These are the tests we discuss during this course. Each test has specific conditions to check before using, and we give information both on how to calculate test statistics and results by hand as well as the relevant R functions to do the job.

Means testing

One sample tests

One sample means test

Test name: One sample t-test

Input	Name
Data	`x` numeric
Size	`N` or `length(x)`
Significance level	$\alpha$ (`alpha`)
Confidence level	$1-\alpha$

Requirements

Dataset Size Range	Conditions	How to check
N ≤ 15	Normal distribution	`geom_qq`
15 < N ≤ 40	Not skew, no outliers	`geom_histogram` and `geom_boxplot`
40 < N ≤ hundreds	No outliers	`geom_boxplot`
hundreds < N	Relatively few or small outliers	`geom_boxplot`

Null hypothesis True population mean is $\mu_0$ (mu.0)

Alternative hypothesis True population mean is [< or ≠ or >] to $\mu_0$.

Test statistic T = (mean(x) - mu.0) / ( sd(x)/sqrt(N) ) or, writing $s_x$ for the sample standard deviation, $\overline{x}$ for the sample mean, $T = \frac{\overline{x} - \mu_0}{s_x/\sqrt{N}}$

p-values

Alternative	p-value
>	`pt(T, df=N-1, lower.tail=FALSE)`
≠	`2*pt(abs(T), df=N-1, lower.tail=FALSE)`
<	`pt(T, df=N-1)`

Confidence intervals

Use $t_\alpha$=qt(1-alpha, df=N-1) and $t_{\alpha/2}$=qt(1-alpha/2, df=N-1)

Alternative	From	To
>	$\overline{x}-t_{\alpha}\cdot s_x/\sqrt{N}$	∞
≠	$\overline{x}-t_{\alpha/2}\cdot s_x/\sqrt{N}$	$\overline{x}+t_{\alpha/2}\cdot s_x/\sqrt{N}$
<	-∞	$\overline{x}+t_{\alpha}\cdot s_x/\sqrt{N}$

R command

t.test(x)

Extra parameter	Values	Default value
`mu`	$\mu_0$	0
`alternative`	`two.sided` or `greater` or `less`	`two.sided`
`conf.level`	$1-\alpha$	0.95

Example: upper tail (>) means test of x vs. $\mu_0 = 10$ at a significance level of 1%:

test = t.test(x, mu=10, conf.level=0.99, alternative='greater')
test

Effect size measure: Cohen's d:

$d = \frac{\overline{x}-\mu_0}{s_x}$

d = (mean(x) - mu.0) / sd(x)  # or
d = test$statistic / sqrt(test$parameter + 1)

Two sample means test

Two sample t-test

Input	Name
Data	`x`, `y` both numeric; or `data$v` numeric and `data$w` categorical with two labels
Size	`Nx`, `Ny` or `length(x)`, `length(y)`
Significance level	`alpha`
Confidence level	`1-alpha`

Requirements

Both x and y need to be appropriate for a one-sample t-test, ie:

Dataset Size Range	Conditions	How to check
N ≤ 15	Normal distribution	`geom_qq`
15 < N ≤ 40	Not skew, no outliers	`geom_histogram` and `geom_boxplot`
40 < N ≤ hundreds	No outliers	`geom_boxplot`
hundreds < N	Relatively few or small outliers	`geom_boxplot`

Null hypothesis Population means are equal: $\mu_x = \mu_y$

Alternative hypothesis $\mu_x$ is [< or ≠ or >] to $\mu_y$

Test statistic Different depending on what assumptions you can make on your data.
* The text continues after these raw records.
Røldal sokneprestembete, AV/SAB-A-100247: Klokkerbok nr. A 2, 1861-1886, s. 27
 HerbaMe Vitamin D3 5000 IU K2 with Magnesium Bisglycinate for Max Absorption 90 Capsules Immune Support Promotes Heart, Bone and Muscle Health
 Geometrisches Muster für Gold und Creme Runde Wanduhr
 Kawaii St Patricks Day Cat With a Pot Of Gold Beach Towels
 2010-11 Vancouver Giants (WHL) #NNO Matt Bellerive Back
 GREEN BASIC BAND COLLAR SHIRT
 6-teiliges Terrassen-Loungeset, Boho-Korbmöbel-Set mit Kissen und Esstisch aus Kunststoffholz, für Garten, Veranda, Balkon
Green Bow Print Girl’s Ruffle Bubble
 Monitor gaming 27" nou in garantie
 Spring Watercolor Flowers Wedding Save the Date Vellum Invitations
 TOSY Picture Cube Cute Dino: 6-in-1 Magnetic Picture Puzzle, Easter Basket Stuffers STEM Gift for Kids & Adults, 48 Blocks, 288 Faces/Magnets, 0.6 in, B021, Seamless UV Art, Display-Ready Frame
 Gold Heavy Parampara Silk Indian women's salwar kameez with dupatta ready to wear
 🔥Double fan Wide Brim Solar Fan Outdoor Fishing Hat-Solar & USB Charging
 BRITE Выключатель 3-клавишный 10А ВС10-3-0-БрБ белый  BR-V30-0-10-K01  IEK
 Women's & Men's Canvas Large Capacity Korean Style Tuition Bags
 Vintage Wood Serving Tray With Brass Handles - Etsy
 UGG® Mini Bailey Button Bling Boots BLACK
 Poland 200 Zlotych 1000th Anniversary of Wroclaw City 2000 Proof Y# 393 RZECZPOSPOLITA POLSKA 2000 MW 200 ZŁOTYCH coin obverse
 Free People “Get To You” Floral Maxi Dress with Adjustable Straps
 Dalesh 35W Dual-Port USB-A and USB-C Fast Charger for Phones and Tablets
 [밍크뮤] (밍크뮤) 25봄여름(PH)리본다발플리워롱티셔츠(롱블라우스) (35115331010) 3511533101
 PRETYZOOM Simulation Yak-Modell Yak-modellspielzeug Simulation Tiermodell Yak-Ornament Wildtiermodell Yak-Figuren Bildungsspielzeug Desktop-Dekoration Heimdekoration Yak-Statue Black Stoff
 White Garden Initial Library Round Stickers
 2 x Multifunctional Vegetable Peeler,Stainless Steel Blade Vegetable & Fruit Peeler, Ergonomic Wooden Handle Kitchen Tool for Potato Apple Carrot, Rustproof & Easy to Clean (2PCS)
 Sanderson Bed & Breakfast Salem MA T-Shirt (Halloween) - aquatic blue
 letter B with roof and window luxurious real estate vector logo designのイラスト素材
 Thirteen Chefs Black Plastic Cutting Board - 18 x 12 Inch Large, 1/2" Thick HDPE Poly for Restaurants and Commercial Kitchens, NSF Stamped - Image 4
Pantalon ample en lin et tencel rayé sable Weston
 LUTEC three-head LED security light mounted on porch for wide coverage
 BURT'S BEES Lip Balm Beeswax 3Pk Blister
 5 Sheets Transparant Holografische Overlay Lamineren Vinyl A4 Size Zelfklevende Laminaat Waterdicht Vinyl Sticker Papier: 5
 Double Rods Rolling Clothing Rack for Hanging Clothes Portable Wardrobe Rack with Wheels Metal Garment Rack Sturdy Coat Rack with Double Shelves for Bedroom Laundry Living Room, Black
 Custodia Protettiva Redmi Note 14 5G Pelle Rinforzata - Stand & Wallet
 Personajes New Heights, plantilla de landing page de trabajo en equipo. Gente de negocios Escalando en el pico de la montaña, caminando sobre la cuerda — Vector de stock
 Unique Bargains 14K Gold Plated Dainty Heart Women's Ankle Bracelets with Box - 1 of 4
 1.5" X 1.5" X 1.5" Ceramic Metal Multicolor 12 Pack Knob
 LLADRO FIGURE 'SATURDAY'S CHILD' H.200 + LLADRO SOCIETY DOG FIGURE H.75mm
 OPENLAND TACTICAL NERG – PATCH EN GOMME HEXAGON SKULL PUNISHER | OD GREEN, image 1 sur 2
We write $\overline{x}$ and $\overline{y}$ for the sample means, $s_x$ and $s_y$ for sample standard deviations.

Each case, it is

$T = \frac{\overline{x} - \overline{y}}{SE}$

for different SE.

No assumptions: $SE = \sqrt{\frac{s_x^2}{N_x}+\frac{s_y^2}{N_y}}$
Equal variance: $SE = \sqrt{\frac{\sum(x-\overline{x})^2 + \sum(y-\overline{y})^2}{N_x+N_y-2}}\cdot\sqrt{\frac{1}{N_x}+\frac{1}{N_y}}$
Equal variance and equal size N: $SE = \sqrt{\frac{\sum(x-\overline{x})^2+\sum(y-\overline{y})^2}{2N-2}}\cdot\sqrt{\frac{2}{N}}$

p-values

The degrees of freedom T.df is given by

No assumptions: the Welch–Satterthwaite equation.
Equal variance: $N_x + N_y - 2$
Equal variance and equal sample size: $2N-2$

Alternative	p-value
>	`pt(T, df=T.df, lower.tail=FALSE)`
≠	`2*pt(abs(T), df=T.df, lower.tail=FALSE)`
<	`pt(T, df=T.df)`

Confidence intervals

With T.df as above, we write $t_\alpha$=qt(1-alpha, df=T.df) and $t_{\alpha/2}$=qt(1-alpha/2, df=T.df)

Alternative	From	To
>	$\overline{x}-\overline{y}-t_{\alpha}\cdot SE$	∞
≠	$\overline{x}-\overline{y}-t_{\alpha/2}\cdot SE$	$\overline{x}-\overline{y}+t_{\alpha/2}\cdot SE$
<	-∞	$\overline{x}-\overline{y}+t_{\alpha}\cdot SE$

R command

t.test(x, y)

Extra parameter	Values	Default value
`var.equal`	`TRUE` or `FALSE`	`FALSE`
`mu`	`mu.0`	0
`alternative`	`two.sided` or `greater` or `less`	`two.sided`
`conf.level`	`1-alpha`	0.95

Example: upper tail (>) means test of x vs. y at a significance level of 1%:

test = t.test(x, y, conf.level=0.99, alternative='greater')
test

Example: two-tailed (≠) means test of data$v for the subpopulations marked by labels 'a' and 'b' in the variable data$w at a significance level of 10%.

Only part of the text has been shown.